> [ABOUT THIS EXERCISE] An exact copy is needed of the lines in the entries below from the line with "Отзывы на компанию" up to and including the line with "CUTIE MARK CRUSADERS: MY", and of nothing else. Leave the pictures out.

*** Opening of RECORDS TO PROCESS ***

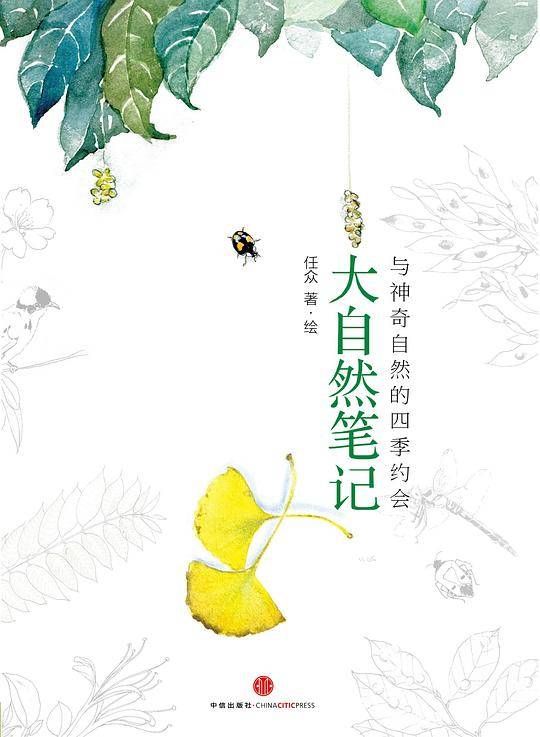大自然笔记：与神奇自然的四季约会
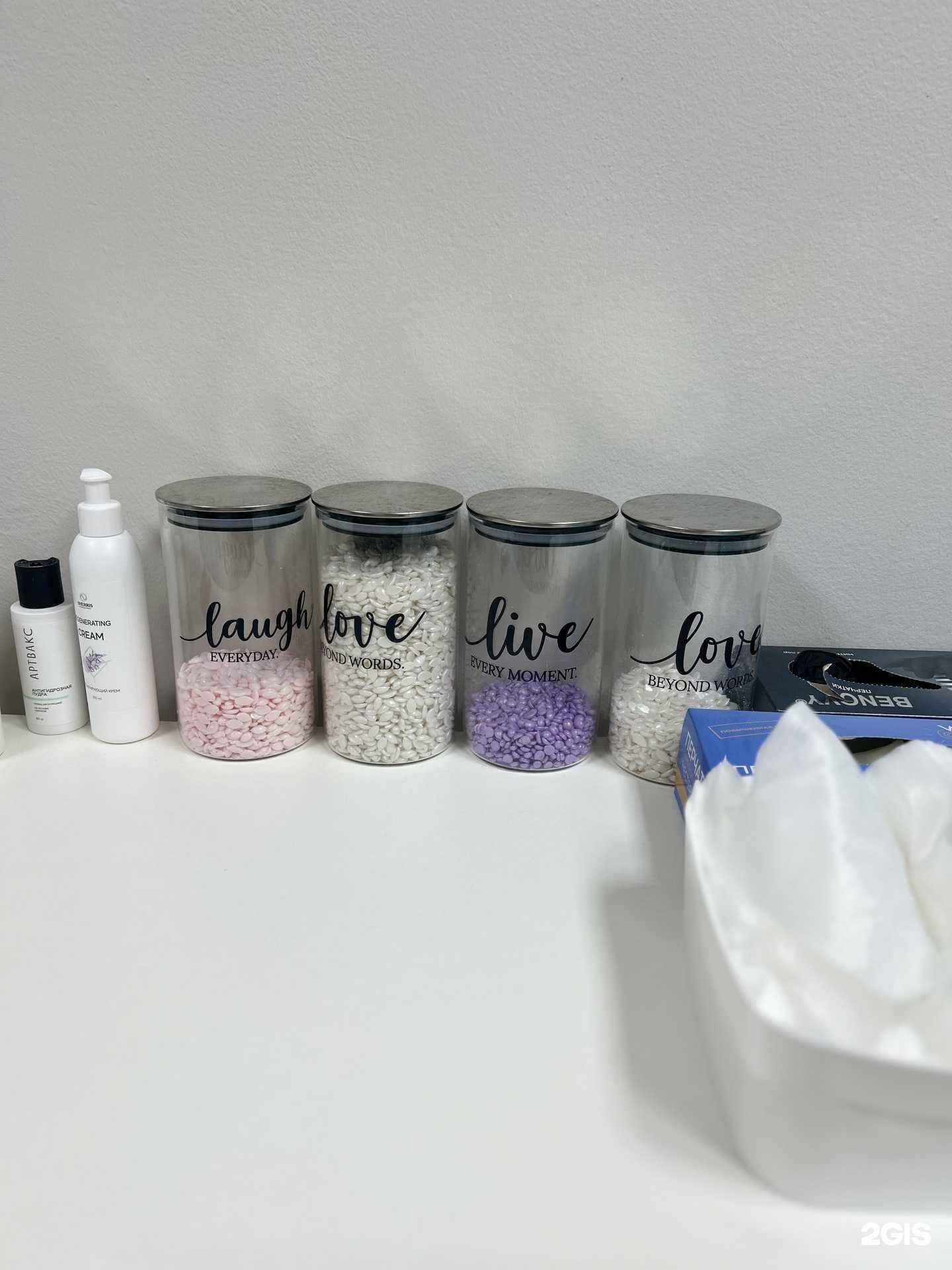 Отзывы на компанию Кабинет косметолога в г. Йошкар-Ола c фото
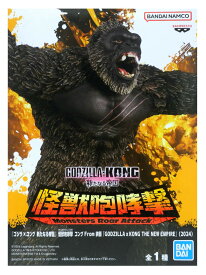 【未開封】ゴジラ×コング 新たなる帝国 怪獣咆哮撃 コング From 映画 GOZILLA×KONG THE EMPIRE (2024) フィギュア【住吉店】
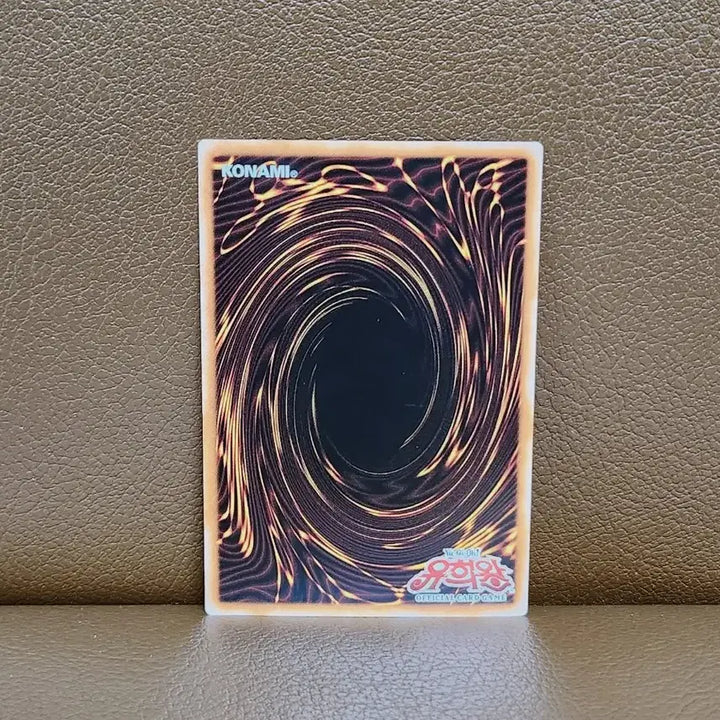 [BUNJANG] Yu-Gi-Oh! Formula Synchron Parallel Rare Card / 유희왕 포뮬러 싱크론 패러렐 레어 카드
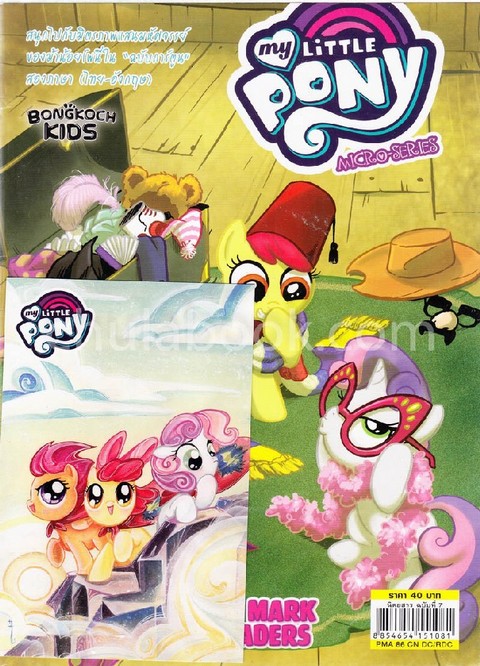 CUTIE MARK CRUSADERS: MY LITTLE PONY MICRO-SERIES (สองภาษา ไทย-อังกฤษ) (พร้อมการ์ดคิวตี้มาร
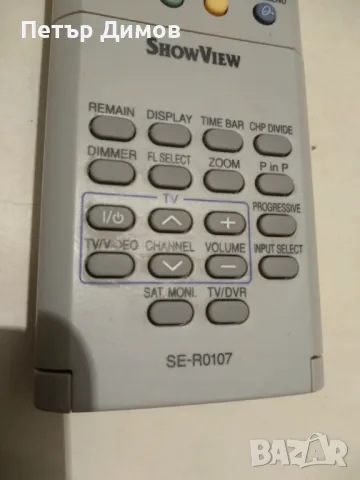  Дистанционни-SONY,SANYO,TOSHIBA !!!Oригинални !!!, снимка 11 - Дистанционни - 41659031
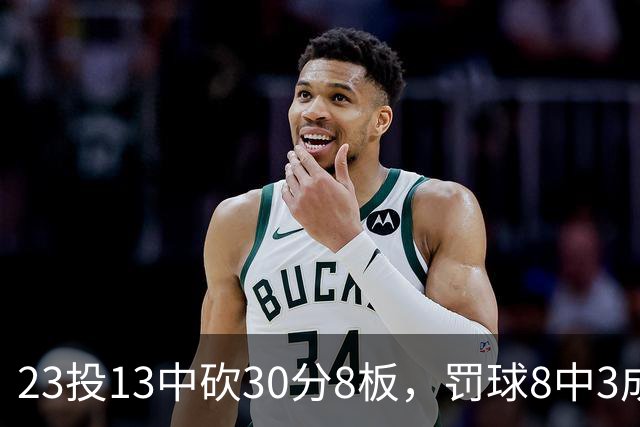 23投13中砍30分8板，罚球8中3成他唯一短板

*** Close of RECORDS TO PROCESS ***

> [ANSWER TO THE PROBLEM]
 Отзывы на компанию Кабинет косметолога в г. Йошкар-Ола c фото
 【未開封】ゴジラ×コング 新たなる帝国 怪獣咆哮撃 コング From 映画 GOZILLA×KONG THE EMPIRE (2024) フィギュア【住吉店】
 [BUNJANG] Yu-Gi-Oh! Formula Synchron Parallel Rare Card / 유희왕 포뮬러 싱크론 패러렐 레어 카드
 CUTIE MARK CRUSADERS: MY LITTLE PONY MICRO-SERIES (สองภาษา ไทย-อังกฤษ) (พร้อมการ์ดคิวตี้มาร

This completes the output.